I agree with the safety issue of the convertion scripts. That's why I
added a few wrinkles to the scripts I used.
  1) Cooked in some sanity checking (does $HOME/Maildir exist? who owns
it?, etc. skip mbox on failure, print warning so I can handle it later).
  2) Added a lot of verbosity to the scripts.
  3) ran on small chunks of the user list (~100 users at a crack, just
so I had less mess to repair if the stuff hit the fan)
  4) Before shutting down SMTP and POP: made a copy of /var/spool/mail
  5) Immediately after shutting down SMTP and POP: rsynced the copy
(less downtime than full copy at that point).

> you might want to risk it on a home system with only a few dozen
> accounts or less, but nobody in their right mind would convert a
> professional mail server with thousands of accounts without first
> planning out every step of the transition and taking the time to think
> of (and work around) every little thing that *could* go wrong.
> 
Definately true, that's what I did on the last cutovers I did (~1500
users on the last one, about ~3000 users on the one prior). And I got to
cut over from Post.Office on NT to Linux/Sendmail/courier-pop. Ugh!

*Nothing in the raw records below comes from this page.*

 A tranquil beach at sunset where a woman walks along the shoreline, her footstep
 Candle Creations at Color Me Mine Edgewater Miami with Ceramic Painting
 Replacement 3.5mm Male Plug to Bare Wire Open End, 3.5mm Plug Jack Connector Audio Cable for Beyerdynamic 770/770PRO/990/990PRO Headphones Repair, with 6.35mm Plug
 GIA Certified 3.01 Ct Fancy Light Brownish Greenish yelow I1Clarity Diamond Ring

> end-users care about their mail, and any fault with the mail system is
> highly-visible....they WILL call the helpdesk if they can't get their
> mail.
> 
> there are several race-conditions which must be avoided, and oddities
> that WILL cause users to call the helpdesk and whine that they can't
> read their mail (e.g. when the pop daemon is Maildir/ but their mailbox
> hasn't been converted yet because it takes a long time  to convert
> several gigabytes of other users mbox files to maildir.  users will not
> tolerate being unable to access their mail for an hour, let alone a day
> or several days)
> 
You definately will get some calls if mail is not showing up. My most
recent convertion (the P.O. to Sendmail) had to haul ~2GB of mail up
over a 3MB link (moved the mail server from one POP to another while we
were at it). Not only did I have to transfer the mail, I got to strip
the damn ^Ms out (did I mention how much I miss that Post.Office
server?)  Did have some complaints the next morning, but everyone was
happy when we told them that an upgrade was in progress and the mail was
on its way.

That (lag in convertion) is the biggest hurdle (assuming you already
have user accounts on the machine). You should be alright if you have a
reasonably fast machine. Also worth considering is exploiting any
maintenance windows you may have. You didn't state if you're an ISP or
another institution. If you're a business, university, etc, you most
likely have a defined window when "the system may be down". Even if
you're an ISP (for some reason ISPs got the shaft, and are supposed to
have everything working at full capacity, latest version of everything,
but are never allowed to work on anything), you will have an overnight
period of very low activity. This time could be perfect for such a
cutover.

> the problem isn't unsolvable.  it's just tedious to get it right.  i've
> already mapped out ways around these problems (*) - or at least the
> problems that i've thought of - one of these days when i get the time
> i'll implement it on a test system, and then run it on my real system
> when it is working to my satisfaction.
> 
> in short: if you plan the transition right then the users won't even
> notice that you've changed anything, it will all happen seamlessly
> behind the scenes.   if you don't plan it properly then your helpdesk
> will be overloaded with calls about mail problems.
> 
> (*) it involves using semaphore files in each users homedir to indicate
> whether they are maildir or still mbox, plus procmail/maildrop rules to
> deliver accordingly, and a pop proxy which chooses whether to connect to
> the mbox or Maildir capable pop daemon.  when that's done it is possible
> to safely convert all the mboxes to maildirs
> 
Yow. That might be overkill. I'd try some testing to determine how long
the migration process will take. If you're talking about anything under
4 hours, you can probably count on running from, say 2AM to 6AM. Set
your, ahem, pickier users to be transfered first. Safety isn't going to
be an issue with Maildirs, the only concern I'd have is making sure that
before you run your script to convert the mboxes you have disabled any
other process that will touch an mbox. Last convertion I did our
customer (an ISP with ~3000 users) had accepted a maintenance window
where POP and SMTP services would be unavailable, so I simply made sure
sendmail and qpopper were dead, then for good measure I believe I
changed permissions, ownership, or the directory name of
/var/spool/mail, just in case.

If preliminary testing indicates you can do the changeover is a matter
of very few hours (which wouldn't surprise me with decent hardware), you
may be better off in terms of effort required than you think. Not to
knock the proposed solution (which is rather elegant, BTW), but we held
up a convertion based on a similar set of concerns. Turns out, the wait
for us to develop the tools necessary created much more of an impact on
our users than the actual server upgrade.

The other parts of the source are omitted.